◆ ACTIVITY: Please return the full listing below without altering anything.

◆ DATA RECORDS:
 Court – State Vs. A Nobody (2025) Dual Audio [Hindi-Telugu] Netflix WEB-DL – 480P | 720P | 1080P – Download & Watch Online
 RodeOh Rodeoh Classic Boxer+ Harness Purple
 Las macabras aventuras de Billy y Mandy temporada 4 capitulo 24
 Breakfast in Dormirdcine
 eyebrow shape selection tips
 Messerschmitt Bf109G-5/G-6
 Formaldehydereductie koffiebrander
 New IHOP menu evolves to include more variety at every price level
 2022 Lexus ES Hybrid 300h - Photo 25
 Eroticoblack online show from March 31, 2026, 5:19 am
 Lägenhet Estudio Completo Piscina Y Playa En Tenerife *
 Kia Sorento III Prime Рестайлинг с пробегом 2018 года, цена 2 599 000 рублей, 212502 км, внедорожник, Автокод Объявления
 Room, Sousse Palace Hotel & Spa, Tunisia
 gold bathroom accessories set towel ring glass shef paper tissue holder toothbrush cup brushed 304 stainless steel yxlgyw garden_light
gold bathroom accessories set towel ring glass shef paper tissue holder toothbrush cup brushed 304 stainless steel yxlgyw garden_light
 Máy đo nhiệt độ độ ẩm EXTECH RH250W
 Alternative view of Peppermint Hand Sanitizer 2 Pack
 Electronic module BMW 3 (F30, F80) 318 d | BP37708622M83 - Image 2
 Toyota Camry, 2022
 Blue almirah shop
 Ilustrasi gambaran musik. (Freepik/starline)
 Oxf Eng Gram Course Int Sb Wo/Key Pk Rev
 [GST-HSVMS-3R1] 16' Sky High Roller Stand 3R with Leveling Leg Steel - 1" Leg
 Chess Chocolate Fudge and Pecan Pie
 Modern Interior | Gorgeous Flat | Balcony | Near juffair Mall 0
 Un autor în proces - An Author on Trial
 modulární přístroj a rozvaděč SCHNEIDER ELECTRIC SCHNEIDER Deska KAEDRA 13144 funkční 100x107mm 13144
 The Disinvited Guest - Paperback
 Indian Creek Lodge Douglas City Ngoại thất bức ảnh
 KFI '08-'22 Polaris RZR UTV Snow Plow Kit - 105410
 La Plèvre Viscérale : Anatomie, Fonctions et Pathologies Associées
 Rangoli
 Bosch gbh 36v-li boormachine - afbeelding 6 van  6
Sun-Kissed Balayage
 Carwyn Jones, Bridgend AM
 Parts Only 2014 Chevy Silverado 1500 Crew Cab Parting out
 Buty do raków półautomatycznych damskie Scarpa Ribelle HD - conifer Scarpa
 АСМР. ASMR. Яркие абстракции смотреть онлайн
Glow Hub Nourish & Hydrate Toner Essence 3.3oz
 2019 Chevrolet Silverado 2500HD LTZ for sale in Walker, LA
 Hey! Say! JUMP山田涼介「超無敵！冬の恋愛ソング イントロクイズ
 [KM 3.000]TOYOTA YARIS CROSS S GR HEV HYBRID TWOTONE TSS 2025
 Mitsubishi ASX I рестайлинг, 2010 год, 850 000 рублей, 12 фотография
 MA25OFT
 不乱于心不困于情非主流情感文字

◆ RESULT FOR THIS TASK:
 Court – State Vs. A Nobody (2025) Dual Audio [Hindi-Telugu] Netflix WEB-DL – 480P | 720P | 1080P – Download & Watch Online
 RodeOh Rodeoh Classic Boxer+ Harness Purple
 Las macabras aventuras de Billy y Mandy temporada 4 capitulo 24
 Breakfast in Dormirdcine
 eyebrow shape selection tips
 Messerschmitt Bf109G-5/G-6
 Formaldehydereductie koffiebrander
 New IHOP menu evolves to include more variety at every price level
 2022 Lexus ES Hybrid 300h - Photo 25
 Eroticoblack online show from March 31, 2026, 5:19 am
 Lägenhet Estudio Completo Piscina Y Playa En Tenerife *
 Kia Sorento III Prime Рестайлинг с пробегом 2018 года, цена 2 599 000 рублей, 212502 км, внедорожник, Автокод Объявления
 Room, Sousse Palace Hotel & Spa, Tunisia
 gold bathroom accessories set towel ring glass shef paper tissue holder toothbrush cup brushed 304 stainless steel yxlgyw garden_light
gold bathroom accessories set towel ring glass shef paper tissue holder toothbrush cup brushed 304 stainless steel yxlgyw garden_light
 Máy đo nhiệt độ độ ẩm EXTECH RH250W
 Alternative view of Peppermint Hand Sanitizer 2 Pack
 Electronic module BMW 3 (F30, F80) 318 d | BP37708622M83 - Image 2
 Toyota Camry, 2022
 Blue almirah shop
 Ilustrasi gambaran musik. (Freepik/starline)
 Oxf Eng Gram Course Int Sb Wo/Key Pk Rev
 [GST-HSVMS-3R1] 16' Sky High Roller Stand 3R with Leveling Leg Steel - 1" Leg
 Chess Chocolate Fudge and Pecan Pie
 Modern Interior | Gorgeous Flat | Balcony | Near juffair Mall 0
 Un autor în proces - An Author on Trial
 modulární přístroj a rozvaděč SCHNEIDER ELECTRIC SCHNEIDER Deska KAEDRA 13144 funkční 100x107mm 13144
 The Disinvited Guest - Paperback
 Indian Creek Lodge Douglas City Ngoại thất bức ảnh
 KFI '08-'22 Polaris RZR UTV Snow Plow Kit - 105410
 La Plèvre Viscérale : Anatomie, Fonctions et Pathologies Associées
 Rangoli
 Bosch gbh 36v-li boormachine - afbeelding 6 van  6
Sun-Kissed Balayage
 Carwyn Jones, Bridgend AM
 Parts Only 2014 Chevy Silverado 1500 Crew Cab Parting out
 Buty do raków półautomatycznych damskie Scarpa Ribelle HD - conifer Scarpa
 АСМР. ASMR. Яркие абстракции смотреть онлайн
Glow Hub Nourish & Hydrate Toner Essence 3.3oz
 2019 Chevrolet Silverado 2500HD LTZ for sale in Walker, LA
 Hey! Say! JUMP山田涼介「超無敵！冬の恋愛ソング イントロクイズ
 [KM 3.000]TOYOTA YARIS CROSS S GR HEV HYBRID TWOTONE TSS 2025
 Mitsubishi ASX I рестайлинг, 2010 год, 850 000 рублей, 12 фотография
 MA25OFT
 不乱于心不困于情非主流情感文字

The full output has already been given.